* MATERIALS PROVIDED
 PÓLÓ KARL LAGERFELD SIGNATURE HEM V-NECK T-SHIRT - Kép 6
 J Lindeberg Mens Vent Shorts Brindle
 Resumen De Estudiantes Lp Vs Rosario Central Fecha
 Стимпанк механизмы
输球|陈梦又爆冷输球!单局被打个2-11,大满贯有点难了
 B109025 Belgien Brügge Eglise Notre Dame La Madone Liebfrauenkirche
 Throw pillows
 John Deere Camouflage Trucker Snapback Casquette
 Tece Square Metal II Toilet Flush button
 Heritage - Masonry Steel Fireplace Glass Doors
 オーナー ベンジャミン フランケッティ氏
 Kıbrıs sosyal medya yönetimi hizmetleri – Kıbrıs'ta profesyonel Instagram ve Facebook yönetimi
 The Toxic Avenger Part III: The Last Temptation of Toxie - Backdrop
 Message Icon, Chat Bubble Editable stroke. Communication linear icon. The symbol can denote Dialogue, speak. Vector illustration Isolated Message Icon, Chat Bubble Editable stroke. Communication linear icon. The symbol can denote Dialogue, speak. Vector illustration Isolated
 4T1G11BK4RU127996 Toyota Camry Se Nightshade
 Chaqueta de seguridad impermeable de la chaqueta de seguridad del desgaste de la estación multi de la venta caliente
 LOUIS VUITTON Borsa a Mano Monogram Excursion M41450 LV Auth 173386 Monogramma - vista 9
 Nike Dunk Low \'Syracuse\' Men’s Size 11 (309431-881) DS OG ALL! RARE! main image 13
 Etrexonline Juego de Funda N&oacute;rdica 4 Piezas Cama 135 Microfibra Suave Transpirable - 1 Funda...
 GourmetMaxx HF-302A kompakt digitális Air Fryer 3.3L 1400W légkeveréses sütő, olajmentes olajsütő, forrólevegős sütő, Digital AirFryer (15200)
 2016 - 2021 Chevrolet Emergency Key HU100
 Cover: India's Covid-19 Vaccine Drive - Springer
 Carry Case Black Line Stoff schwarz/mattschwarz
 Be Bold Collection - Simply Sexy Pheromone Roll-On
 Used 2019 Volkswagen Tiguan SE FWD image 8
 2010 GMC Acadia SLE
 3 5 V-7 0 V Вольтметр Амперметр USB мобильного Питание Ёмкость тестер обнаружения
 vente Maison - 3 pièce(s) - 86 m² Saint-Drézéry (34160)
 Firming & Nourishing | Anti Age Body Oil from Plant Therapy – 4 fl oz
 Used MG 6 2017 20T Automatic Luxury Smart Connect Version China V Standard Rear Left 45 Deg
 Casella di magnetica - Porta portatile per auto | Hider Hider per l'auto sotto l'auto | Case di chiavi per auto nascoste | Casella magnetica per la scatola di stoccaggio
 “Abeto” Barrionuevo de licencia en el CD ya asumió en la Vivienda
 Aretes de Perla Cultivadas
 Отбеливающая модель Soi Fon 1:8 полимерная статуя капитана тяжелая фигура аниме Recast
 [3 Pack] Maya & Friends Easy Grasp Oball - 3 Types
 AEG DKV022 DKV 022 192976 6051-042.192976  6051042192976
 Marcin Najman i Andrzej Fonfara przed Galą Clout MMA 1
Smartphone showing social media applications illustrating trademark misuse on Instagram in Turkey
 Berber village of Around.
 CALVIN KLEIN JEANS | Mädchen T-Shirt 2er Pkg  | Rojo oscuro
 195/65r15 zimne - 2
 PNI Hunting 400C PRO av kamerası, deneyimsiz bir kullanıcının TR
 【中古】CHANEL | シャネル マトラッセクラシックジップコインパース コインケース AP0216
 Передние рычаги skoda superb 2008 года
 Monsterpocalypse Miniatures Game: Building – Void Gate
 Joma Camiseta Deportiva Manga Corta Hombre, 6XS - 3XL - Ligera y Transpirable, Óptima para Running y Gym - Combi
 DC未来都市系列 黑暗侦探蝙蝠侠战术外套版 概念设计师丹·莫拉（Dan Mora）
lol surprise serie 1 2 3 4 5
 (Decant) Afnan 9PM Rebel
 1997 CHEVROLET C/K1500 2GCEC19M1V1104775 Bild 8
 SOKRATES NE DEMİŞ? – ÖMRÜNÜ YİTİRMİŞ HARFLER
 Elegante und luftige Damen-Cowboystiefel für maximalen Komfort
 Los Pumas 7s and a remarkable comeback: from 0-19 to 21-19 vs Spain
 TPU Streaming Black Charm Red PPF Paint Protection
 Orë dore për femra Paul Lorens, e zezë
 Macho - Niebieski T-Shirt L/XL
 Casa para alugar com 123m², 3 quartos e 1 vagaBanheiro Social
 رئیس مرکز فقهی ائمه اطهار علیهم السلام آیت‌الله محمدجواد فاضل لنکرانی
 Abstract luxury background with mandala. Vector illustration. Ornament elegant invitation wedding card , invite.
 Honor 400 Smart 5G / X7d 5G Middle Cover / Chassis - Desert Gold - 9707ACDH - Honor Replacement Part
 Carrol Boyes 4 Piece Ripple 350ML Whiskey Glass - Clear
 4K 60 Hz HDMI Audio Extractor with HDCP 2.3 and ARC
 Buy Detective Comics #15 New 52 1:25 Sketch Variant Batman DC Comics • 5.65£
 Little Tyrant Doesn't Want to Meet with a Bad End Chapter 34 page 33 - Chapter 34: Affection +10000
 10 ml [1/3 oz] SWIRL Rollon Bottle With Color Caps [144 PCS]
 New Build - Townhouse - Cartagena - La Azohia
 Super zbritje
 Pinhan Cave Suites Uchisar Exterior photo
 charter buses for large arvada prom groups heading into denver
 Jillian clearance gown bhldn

* DESCRIPTION OF THE TASK
Lines holding "Glass" in the material above are to be reported.

* RESULT FOR THIS TASK
 Heritage - Masonry Steel Fireplace Glass Doors
 Carrol Boyes 4 Piece Ripple 350ML Whiskey Glass - Clear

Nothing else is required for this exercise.